オレンジジュース[短編集]


「しい…なさん?」

しかもあたしの名前──知ってる。
とりあえずぶつかってしまった恥ずかしさから、顔が赤くなり、それを隠そうと俯いた。

「ごっ、ごめんなさい本当に!!」

いざ本人を前にすると、笑顔の方法も、相手をドキっとさせる必勝仕草も、頭からすっかり抜け落ちてしまっていた。

「いや。俺は大丈夫。椎名さんこそ怪我ない?」

下から顔を覗き込む久我くん。思わず目をそらす。胸はさっきからずっとドキドキ高鳴りっぱなしだ。

「じ、じゃあね久我くんっ!」

そう言って走り出したあたし。


─────ギュッ。

え…?
不意に腕を後ろに引っ張られた。ぽすっという音を立て、気づけばそこは久我くんの腕の中だった。

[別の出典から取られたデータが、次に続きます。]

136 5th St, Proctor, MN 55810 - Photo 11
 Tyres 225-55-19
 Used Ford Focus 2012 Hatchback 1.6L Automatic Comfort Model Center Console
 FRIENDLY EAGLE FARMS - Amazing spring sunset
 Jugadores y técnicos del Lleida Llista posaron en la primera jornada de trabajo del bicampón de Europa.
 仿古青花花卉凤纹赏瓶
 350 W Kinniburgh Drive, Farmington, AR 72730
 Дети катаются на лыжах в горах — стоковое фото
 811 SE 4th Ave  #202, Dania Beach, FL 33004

何が起こったのか頭がついていけず、パンク寸前のあたしに久我くんが口を開く。

「俺…椎名さんのこと知ったのここ最近なんだけどさ…。知ってからというもの、なんか目が離せなくて。いっつもパワフルでそれでもって女らしくて可愛くて。
えぇっと…つまり…

椎名さん…好きです」

久我くんはそれから最後に、ギュッとあたしを包む腕に力を込め、「返事はいつでもいいから」と言い残して去っていった。